_MATERIAL FOR THE TASK_.
*****
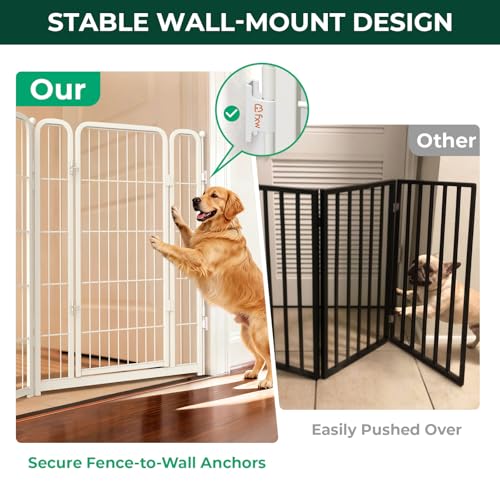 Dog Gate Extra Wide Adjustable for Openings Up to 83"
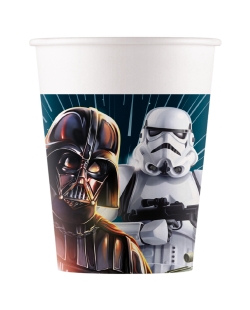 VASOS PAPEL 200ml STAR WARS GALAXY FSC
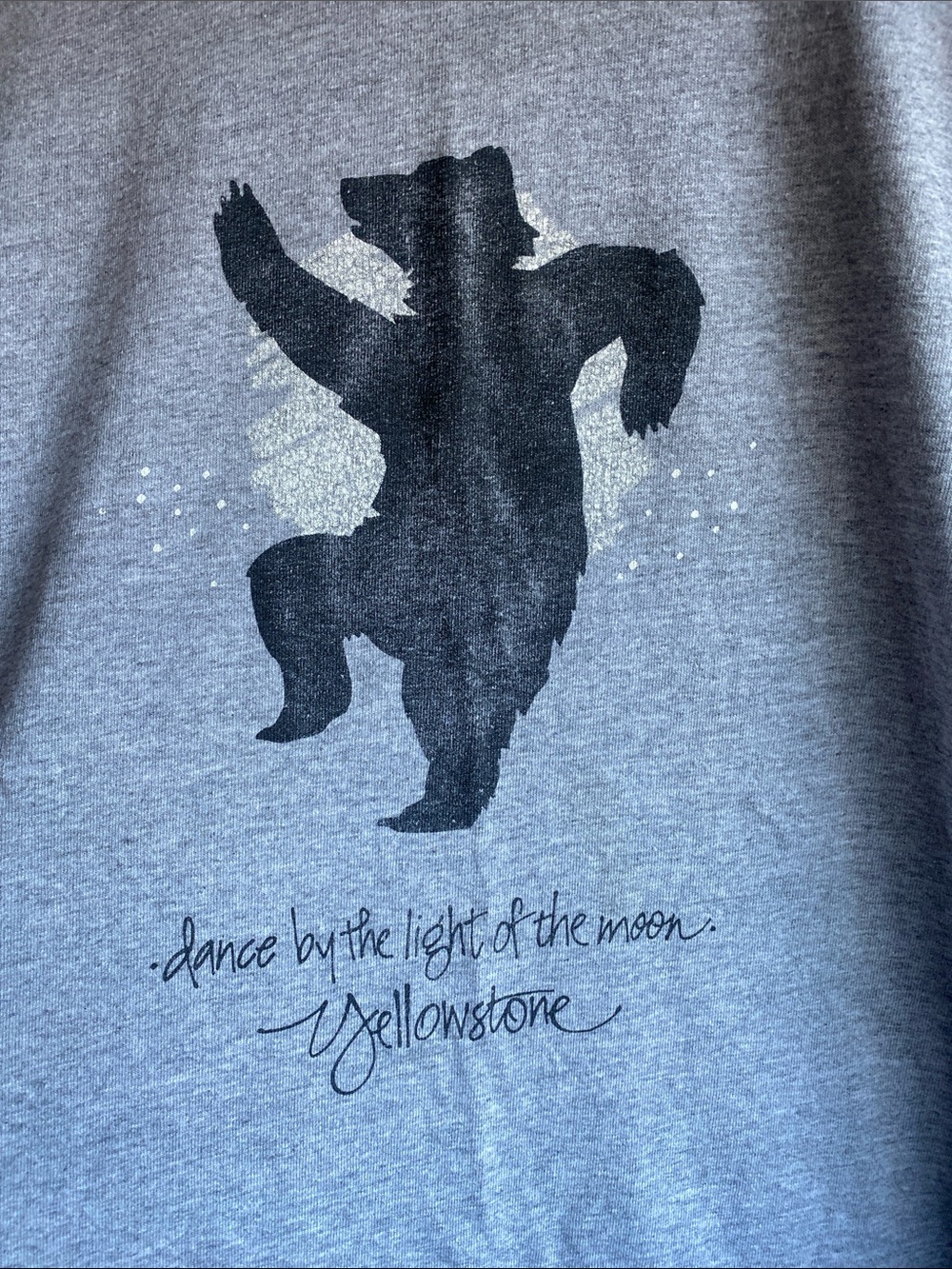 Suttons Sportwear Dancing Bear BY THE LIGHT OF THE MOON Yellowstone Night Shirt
*****
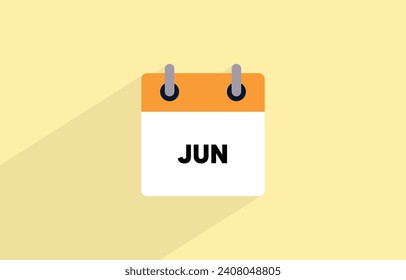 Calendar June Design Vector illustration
*****
Transcribe, word for word, the stretch of lines in the data above from the one with "VASOS PAPEL 200ml STAR WARS GALAXY FSC" through the one with "Suttons Sportwear Dancing"; omit all pictures.

_TASK RESPONSE_.
 VASOS PAPEL 200ml STAR WARS GALAXY FSC
 Suttons Sportwear Dancing Bear BY THE LIGHT OF THE MOON Yellowstone Night Shirt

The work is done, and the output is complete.